Your goal => Would you please return the lines of the entries below starting at the line that has "Chaîne de décoration, 4" and ending at the line that has "UGG Mens Lo", both included, exactly as they are?

Data records =>
[Start of section]

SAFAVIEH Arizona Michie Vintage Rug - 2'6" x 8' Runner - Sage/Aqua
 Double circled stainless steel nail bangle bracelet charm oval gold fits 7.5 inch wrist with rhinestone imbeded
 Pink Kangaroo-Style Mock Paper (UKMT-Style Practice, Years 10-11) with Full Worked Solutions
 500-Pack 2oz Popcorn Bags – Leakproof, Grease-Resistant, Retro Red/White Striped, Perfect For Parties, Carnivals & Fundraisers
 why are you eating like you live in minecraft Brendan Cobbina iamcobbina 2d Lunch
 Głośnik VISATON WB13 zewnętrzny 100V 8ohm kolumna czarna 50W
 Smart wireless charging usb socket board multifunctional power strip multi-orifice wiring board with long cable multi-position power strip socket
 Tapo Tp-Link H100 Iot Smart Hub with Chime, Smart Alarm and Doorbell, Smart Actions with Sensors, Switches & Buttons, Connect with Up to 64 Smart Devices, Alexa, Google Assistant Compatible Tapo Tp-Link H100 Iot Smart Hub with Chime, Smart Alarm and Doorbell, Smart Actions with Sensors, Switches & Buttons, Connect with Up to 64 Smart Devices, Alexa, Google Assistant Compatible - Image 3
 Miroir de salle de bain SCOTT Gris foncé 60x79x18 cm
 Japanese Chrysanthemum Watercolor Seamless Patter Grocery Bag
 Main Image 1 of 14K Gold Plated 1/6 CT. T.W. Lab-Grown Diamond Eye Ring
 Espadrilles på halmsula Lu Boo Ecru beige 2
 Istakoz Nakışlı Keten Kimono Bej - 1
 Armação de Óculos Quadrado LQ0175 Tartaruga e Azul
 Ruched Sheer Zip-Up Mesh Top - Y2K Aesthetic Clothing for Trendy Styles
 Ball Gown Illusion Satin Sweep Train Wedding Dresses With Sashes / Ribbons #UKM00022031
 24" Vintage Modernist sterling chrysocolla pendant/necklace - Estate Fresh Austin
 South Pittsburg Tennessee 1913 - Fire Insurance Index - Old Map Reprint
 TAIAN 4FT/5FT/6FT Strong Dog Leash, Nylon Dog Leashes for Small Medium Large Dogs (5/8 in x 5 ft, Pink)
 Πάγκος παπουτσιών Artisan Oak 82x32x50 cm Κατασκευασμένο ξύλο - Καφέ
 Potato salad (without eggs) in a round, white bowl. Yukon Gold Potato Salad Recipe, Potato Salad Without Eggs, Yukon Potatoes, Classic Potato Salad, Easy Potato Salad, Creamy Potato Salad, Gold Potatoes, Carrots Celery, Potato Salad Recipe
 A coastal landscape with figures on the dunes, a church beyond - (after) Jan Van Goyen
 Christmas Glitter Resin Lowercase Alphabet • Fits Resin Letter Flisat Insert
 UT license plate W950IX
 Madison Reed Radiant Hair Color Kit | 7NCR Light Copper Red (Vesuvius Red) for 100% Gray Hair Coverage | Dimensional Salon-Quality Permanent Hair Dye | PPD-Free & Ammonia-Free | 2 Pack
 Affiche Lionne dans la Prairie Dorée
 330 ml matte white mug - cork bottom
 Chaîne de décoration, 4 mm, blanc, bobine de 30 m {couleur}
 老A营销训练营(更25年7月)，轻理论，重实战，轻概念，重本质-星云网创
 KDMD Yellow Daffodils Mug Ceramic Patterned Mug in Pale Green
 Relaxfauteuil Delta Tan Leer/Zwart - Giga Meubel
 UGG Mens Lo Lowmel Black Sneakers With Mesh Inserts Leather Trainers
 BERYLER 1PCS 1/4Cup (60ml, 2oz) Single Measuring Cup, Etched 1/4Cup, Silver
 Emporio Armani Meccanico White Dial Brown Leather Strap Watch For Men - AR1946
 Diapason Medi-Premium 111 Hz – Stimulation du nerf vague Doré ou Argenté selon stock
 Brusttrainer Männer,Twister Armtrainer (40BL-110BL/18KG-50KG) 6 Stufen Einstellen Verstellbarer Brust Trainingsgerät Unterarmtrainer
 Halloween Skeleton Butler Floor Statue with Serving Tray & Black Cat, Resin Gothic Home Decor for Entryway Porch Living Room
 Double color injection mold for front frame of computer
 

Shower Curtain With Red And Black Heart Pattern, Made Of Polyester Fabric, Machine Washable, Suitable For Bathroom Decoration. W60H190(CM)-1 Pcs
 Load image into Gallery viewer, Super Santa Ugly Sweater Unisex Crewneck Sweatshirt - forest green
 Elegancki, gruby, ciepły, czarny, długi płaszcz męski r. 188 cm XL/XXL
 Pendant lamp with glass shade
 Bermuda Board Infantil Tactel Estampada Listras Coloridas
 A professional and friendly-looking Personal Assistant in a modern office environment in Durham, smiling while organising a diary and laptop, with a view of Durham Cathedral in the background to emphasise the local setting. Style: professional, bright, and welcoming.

[End of section]

Solution below =>
 Chaîne de décoration, 4 mm, blanc, bobine de 30 m {couleur}
 老A营销训练营(更25年7月)，轻理论，重实战，轻概念，重本质-星云网创
 KDMD Yellow Daffodils Mug Ceramic Patterned Mug in Pale Green
 Relaxfauteuil Delta Tan Leer/Zwart - Giga Meubel
 UGG Mens Lo Lowmel Black Sneakers With Mesh Inserts Leather Trainers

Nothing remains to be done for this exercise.